Missouri and Kansas have been waging an intense competition for businesses, committing more than $750 million in tax incentives and bonds in the past five years to get nearly 200 businesses to locate or expand in the Kansas City area alone, according to an Associated Press analysis published in May. Some of those businesses have merely shifted existing jobs a few miles across the border to new taxpayer-subsidized buildings.
Also adding to the sense of urgency in Missouri is the fact that lawmakers have repeatedly failed to pass a proposed overhaul of the state's tax incentive programs. But some of the individuals involved in past stalemates will be gone come January because of term limits. Incoming lawmakers are "extremely motivated" in their desire to influence policy, "and that means getting things done," Dempsey said.

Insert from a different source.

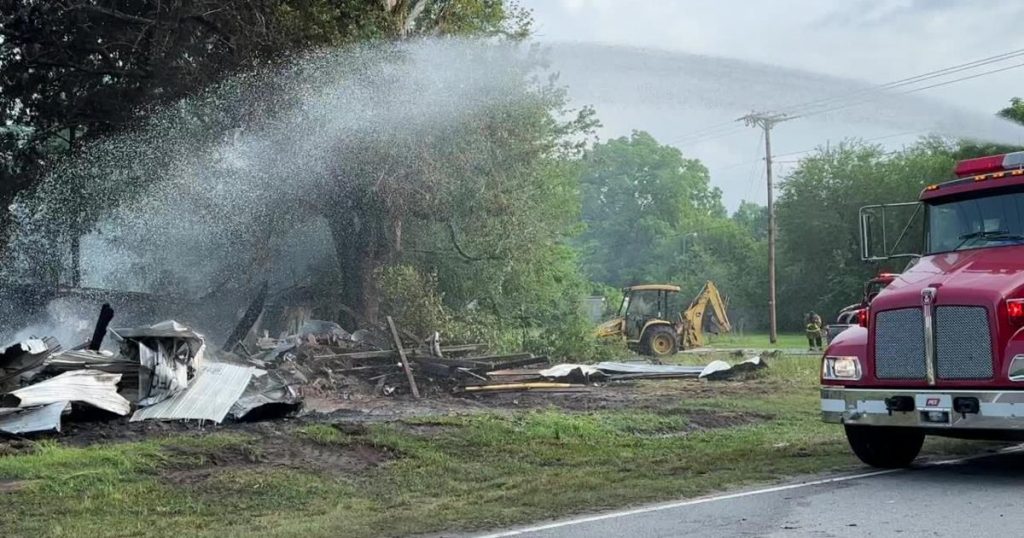 Fire destroys UFO center, residence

Republicans will have supermajorities in the both the House and Senate for the first time since the Civil War era, allowing them to override vetoes from Democratic Gov. Jay Nixon without the help of minority Democrats. But that may not be necessary, as Nixon and Democratic lawmakers also have made economic development initiatives a priority.
Nixon called lawmakers into an autumn 2011 special session to consider a legislative package that would have scaled back some of Missouri's existing tax credits, including those for developers of low-income housing and historic buildings, while revamping the state's main business incentive program. That package also would have created incentives for certain industries, such as computer data centers and international cargo shippers at the St. Louis airport. The legislation failed, but it could re-emerge as a framework for the 2013 session.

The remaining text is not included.